# Reinforcement Learning

| Date | User | Change Type | Remarks |  
| ---- | ---- | ----------- | ------- |
| 13/03/2025   | Martin | Created   | Created notebook for reinforcement learning design patterns. | 

# Content

* [Introduction](#introduction)

# Introduction

`TF-Agents` is the reinforcement learning (RL) library for Tensorflow. 

__Components__

* Agent operates in an __environement__ and learns by processing signals received every time it chooses an action. Environment is implemented in Python and wrapped in TF wrapper for efficient parallelization
* __Policy__ maps an observation from the environment into a distribution over some actions
* __Driver__ executes the policy in an environment for a specified number of steps (_episodes_)
* __Replay Buffer__ stores the experience (agent trajectories in action space and associated rewards) of executing a policy in an environment; buffer content is queried for a subset of trajectories during training

💡 __IDEA:__ Cast each problem as a RL problem and map parameters into the corresponding TF-Agent component

---

# GridWorld

__The Game:__ 6x6 square board, where the agent starts at (0,0), the finish is at (5,5), and the goal of the agent is to find the path from the start to the finish

__Actions:__ Possible actions are moves up/down/left/right

__Rewards:__  If the agent lands on the finish, it receives a reward of 100, and the game terminates after 100 steps if the end was not reached by the agent

In [1]:
%load_ext watermark
import tensorflow as tf
import numpy as np

from tf_agents.environments import py_environment, \
                                   tf_environment, \
                                   tf_py_environment, \
                                   utils, \
                                   wrappers, \
                                   suite_gym
from tf_agents.specs import array_spec
from tf_agents.trajectories import trajectory, time_step as ts

from tf_agents.agents.dqn import dqn_agent
from tf_agents.networks import q_network
from tf_agents.drivers import dynamic_step_driver
from tf_agents.metrics import tf_metrics, py_metrics
from tf_agents.policies import random_tf_policy
from tf_agents.replay_buffers import tf_uniform_replay_buffer
from tf_agents.utils import common
from tf_agents.drivers import py_driver, dynamic_episode_driver

import matplotlib.pyplot as plt

2025-03-13 18:35:27.039426: I tensorflow/core/util/port.cc:153] oneDNN custom operations are on. You may see slightly different numerical results due to floating-point round-off errors from different computation orders.
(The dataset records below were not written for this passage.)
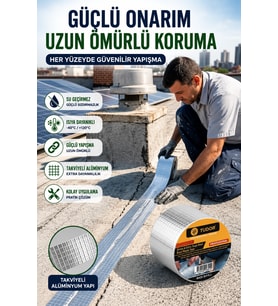 Su Geçirmez Sızdırmaz Tamir Bandı Güçlü Yapışkanlı 72 MM 2 Metre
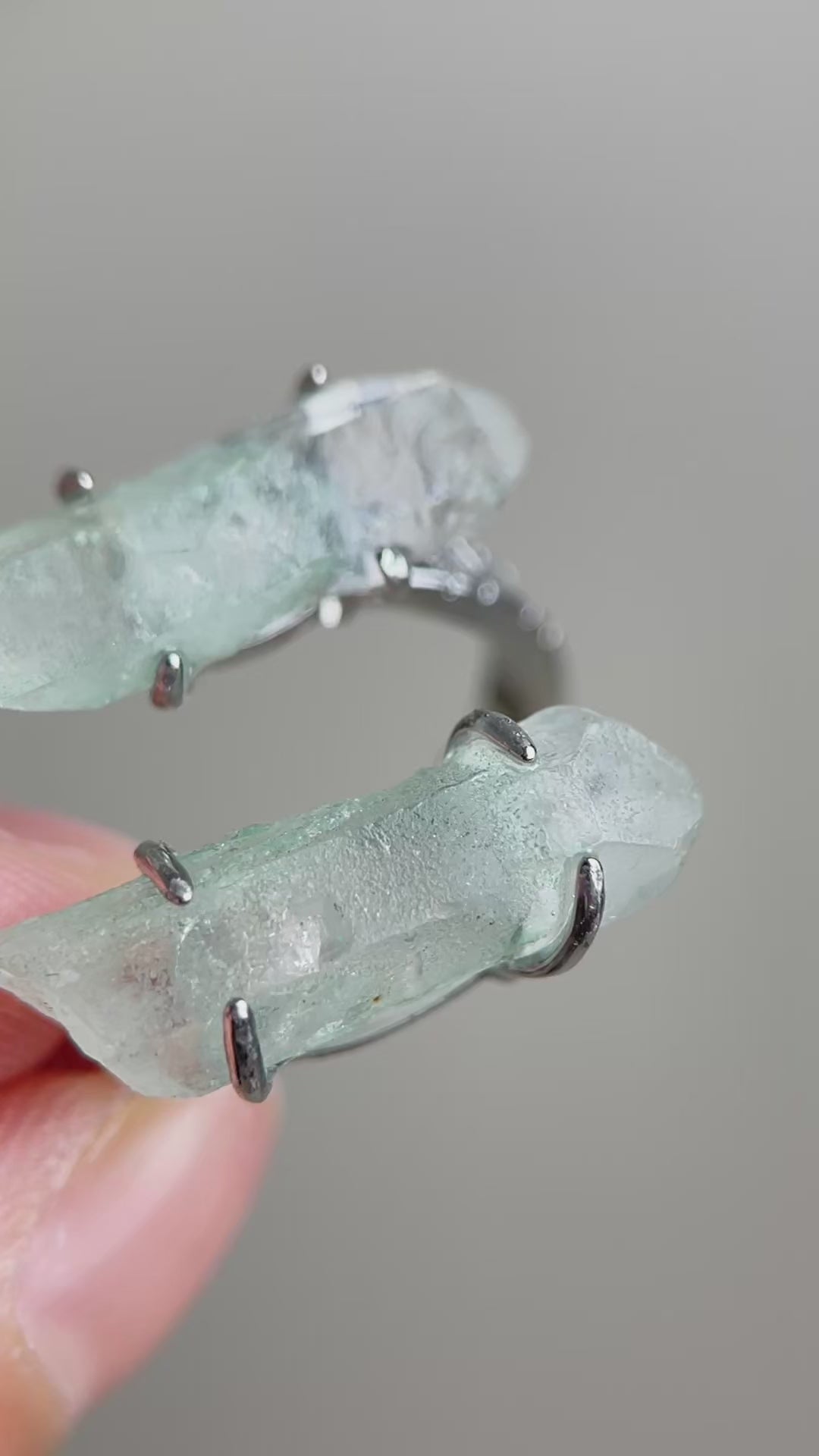 Video of Fuchsite Phantom Quartz double point ring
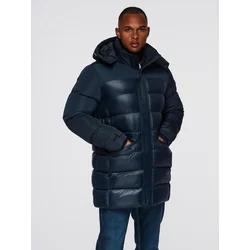 Ombre Mens biker jacket with collar and pockets - navy blue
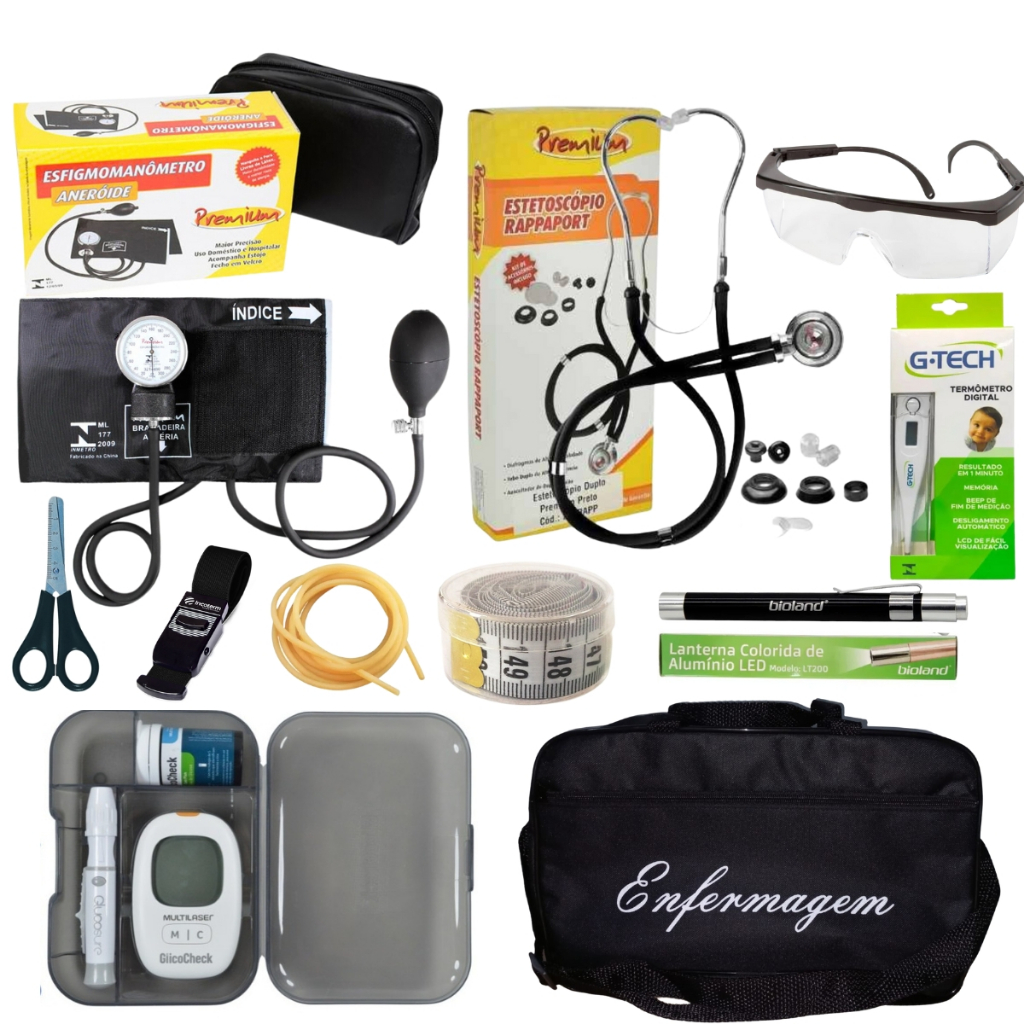 kit de enfermagem PRETO com medidor de glicose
To turn them off, set the environment variable `TF_ENABLE_ONEDNN_OPTS=0`.
2025-03-13 18:35:27.049718: E external/local_xla/xla/stream_executor/cuda/cuda_fft.cc:477] Unable to register cuFFT factory: Attempting to register factory for plugin cuFFT when one has already been registered
E0000 00:00:1741862127.061314   10569 cuda_dnn.cc:8310] Unable to register cuDNN factory: Attempting to register factory for plugin cuDNN when one has already been registered
E0000 00:00:1741862127.065020   10569 cuda_blas.cc:1418] Unable to register cuBLAS factory: Attempting to register factory for plugin cuBLAS when one has already been registered
2025-03-13 18:35:27.077978: I tensorflow/core/platform/cpu_feature_guard.cc:210] This TensorFlow binary is optimized to use available CPU instr

Define the environment the agents will operate in. Define the conditions for resetting/ terminating the state, and mechanics for moving

In [None]:
class GridWorldEnv(py_environment.PyEnvironment):
  def __init__(self):
    # BoundedArraySpec defines the min and max values that an ArraySpec can take
    # ArraySpec is a condition of what values can be inside the array
    self._action_spec = array_spec.BoundedArraySpec(
      shape=(),
      dtype=np.int32,
      minimum=0,
      maximum=3,
      name='action'
    ) # Actions that were taken
    self._observation_spec = array_spec.BoundedArraySpec(
      shape=(4, ),
      dtype=np.int32,
      minimum=[0, 0, 0, 0],
      maximum=[5, 5, 5, 5],
      name='observation'
    ) # Set of observations i.e results for each epoch
    self._state = [0, 0, 5, 5] # Represent the (row, col, frow, fcol) of the player and the finish
    self._episode_ended = False
  
  def action_spec(self):
    return self._action_spec
  
  def observation_spec(self):
    return self._observation_spec

  def _reset(self):
    """
    Reset to the next episode

    Returns:
        _type_: _description_
    """
    self._state = [0, 0, 5, 5]
    self._episode_ended = False
    return ts.restart(np.array(self._state, dtype=np.int32))
  
  def _step(self, action):
    """
    Each step:
      1. Check if the episode has ended
        - if yes, reset episode
        - if no, continue to move using current action
      2. Check if there is a game over 
        - if yes, end the episode
        - return corresponding reward

    Args:
        action (_type_): _description_

    Returns:
        _type_: _description_
    """
    if self._episode_ended:
      return self.reset()
    
    self.move(action)

    if self.game_over():
      self._episode_ended = True
    
    if self._episode_ended:
      if self.game_over():
        reward = 100
      else:
        reward = 0
      return ts.termination(np.array(self._state, dtype=np.int32), reward) # End of game
    else:
      return ts.transition(np.array(self._state, dtype=np.int32), reward=0, discount=0.9) # Transition to next step of game
    
  def move(self, action):
    row, col, frow, fcol = self._state[0], self._state[1], self._state[2], self._state[3],
    if action == 0: #down
      if row - 1 >= 0:
        self._state[0] -= 1
    if action == 1: #up
      if row + 1 < 6:
        self._state[0] += 1
    if action == 2: #left
      if col - 1 >= 0:
        self._state[1] -= 1
    if action == 3: #right
      if col + 1  < 6:
        self._state[1] += 1
  
  def game_over(self):
    row, col, frow, fcol = self._state[0], self._state[1], self._state[2], self._state[3],
    return row == frow and col == fcol

In [None]:
def compute_avg_return(environment, policy, num_episodes=10):
  total_return = 0.0
  for _ in range(num_episodes):
    time_step = environment.reset()
    episode_return = 0.0

    while not time_step.is_late():
      action_step = policy.action(time_step)
      time_step = environment.step(action_step.action)
      episode_return += time_step.reward
      total_return += episode_return
  
  avg_return = total_return / num_episodes
  return avg_return.numpy()[0]

In [3]:
%watermark

Last updated: 2025-03-13T18:14:08.783191+08:00

Python implementation: CPython
Python version       : 3.10.12
IPython version      : 8.33.0

Compiler    : GCC 11.4.0
OS          : Linux
Release     : 5.15.167.4-microsoft-standard-WSL2
Machine     : x86_64
Processor   : x86_64
CPU cores   : 20
Architecture: 64bit